Por eso la buena literatura habitualmente molesta a los poderes establecidos, ya que revela a los seres humanos en su doble faceta de luz y tinieblas, amor y odio. Revelar eso entorpece la manipulación embrutecedora de los ejes de poder que prefieren rebaños de pueblos mansos, fanatizados por algunas ideas simplistas. El pensamiento implacable, profundo y libre, interrumpe sus planes de adoctrinamiento y estupidización. Prefieren dirigir rebaños de corderos ciegos y semianalfabetos. Es mucho más fácil y cómodo.
Nunca antes se había pensado, escrito y publicado con tanta amplitud, diversidad y profundidad como en los tiempos actuales. Y, por consiguiente, nunca antes fue tan grande el inventario de escritores perseguidos, vejados, condenados, encarcelados, disminuidos o humillados de un modo u otro.

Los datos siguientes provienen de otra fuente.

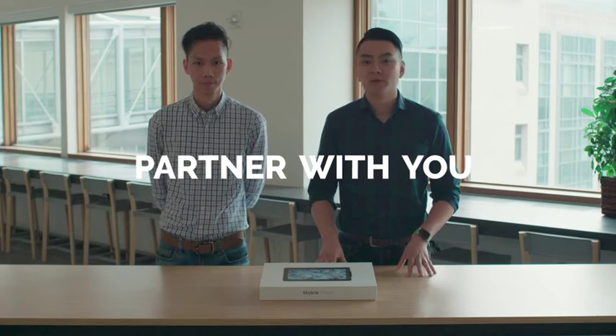We want to partner with you so we can build something amazing together.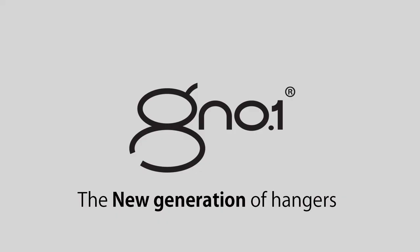Gino One — the new generation of hangers. Isn't it time you got the smartest hanger in the world?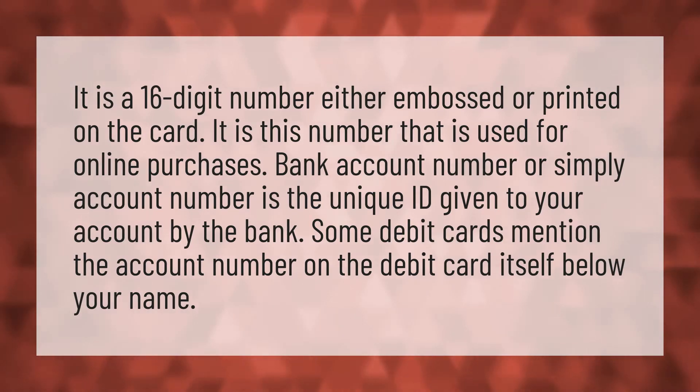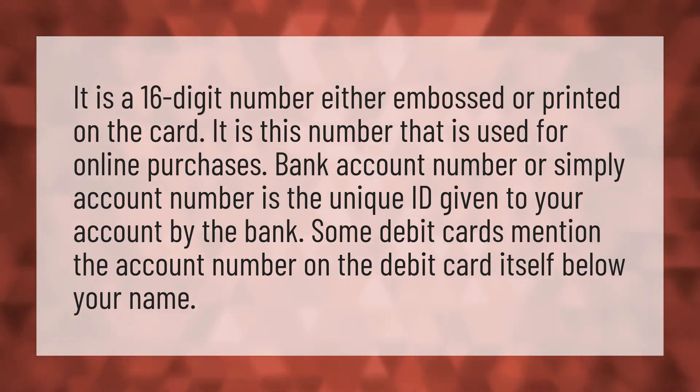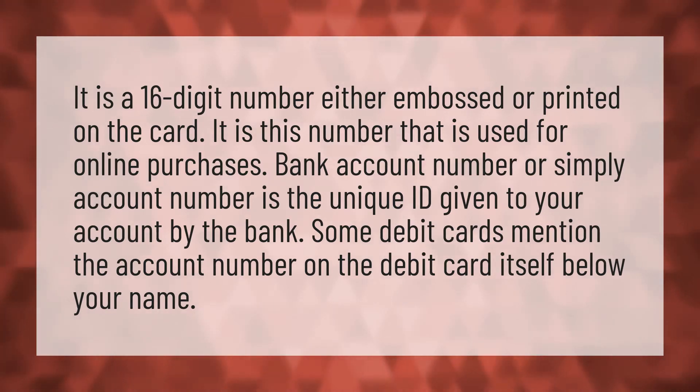It is a 16-digit number either embossed or printed on the card. It is this number that is used for online purchases.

Ese es el mundo que nos toca. No tenemos otro. Y no podemos mudarnos a Saturno o a Júpiter. Hay que quedarse aquí. Hay que ser consecuentes y no creer a los que disminuyen el valor de la literatura en el mundo contemporáneo. La literatura, el arte y la espiritualidad—comprendidas en su extraordinaria diversidad planetaria—son las únicas defensas que tenemos en este mundo, regido por el espíritu mercantilista y por las imposiciones de la tecnología. La simplificación del pensamiento y de las ideas, y su reducción hasta colocar en el primer plano el dinero y la tecnología, nos conducen a un mundo incomprensible donde las esencias del ser humano se disuelven.
A pesar de lo anterior, no creo en el apocalipsis. Soy optimista. Estoy convencido de que estos duros años de caos y vértigo que vivimos hace ya algunas décadas, serán rebasados y entraremos en tiempos de equilibrio y cordura. Mientras tanto, creo profundamente en el papel del escritor como la conciencia alerta y crítica de la sociedad.
Ese oficio paralelo lo ejerce el escritor sin proponérselo. Sin desearlo. De un modo oblicuo e indirecto, pero real y efectivo. El escritor auténtico fue, es, y será, por los siglos de los siglos, un hereje total y absoluto. Y sabe que sólo puede ser fiel a sí mismo.